What is required: Pictures stay out, but every line of the data is copied exactly.

Dataset extract:
================

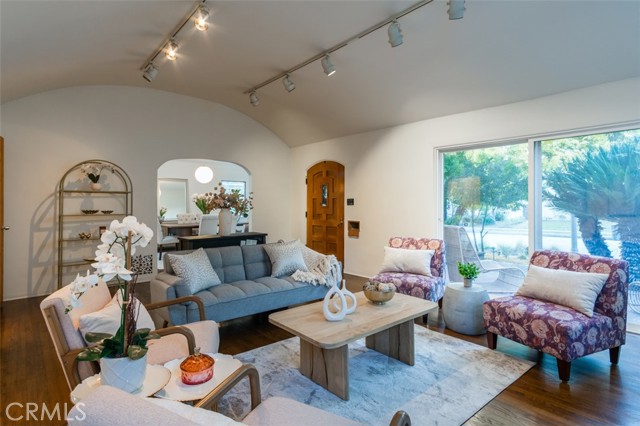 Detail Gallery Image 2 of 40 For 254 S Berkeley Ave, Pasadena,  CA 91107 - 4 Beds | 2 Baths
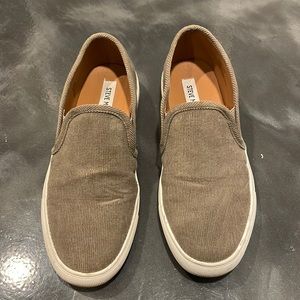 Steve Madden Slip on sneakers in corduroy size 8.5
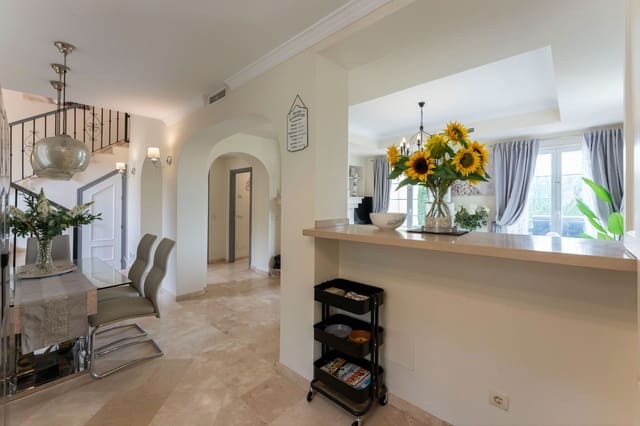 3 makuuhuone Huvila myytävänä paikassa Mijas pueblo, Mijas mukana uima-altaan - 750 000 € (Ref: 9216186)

================

Written answer:
 Detail Gallery Image 2 of 40 For 254 S Berkeley Ave, Pasadena,  CA 91107 - 4 Beds | 2 Baths
 Steve Madden Slip on sneakers in corduroy size 8.5
 3 makuuhuone Huvila myytävänä paikassa Mijas pueblo, Mijas mukana uima-altaan - 750 000 € (Ref: 9216186)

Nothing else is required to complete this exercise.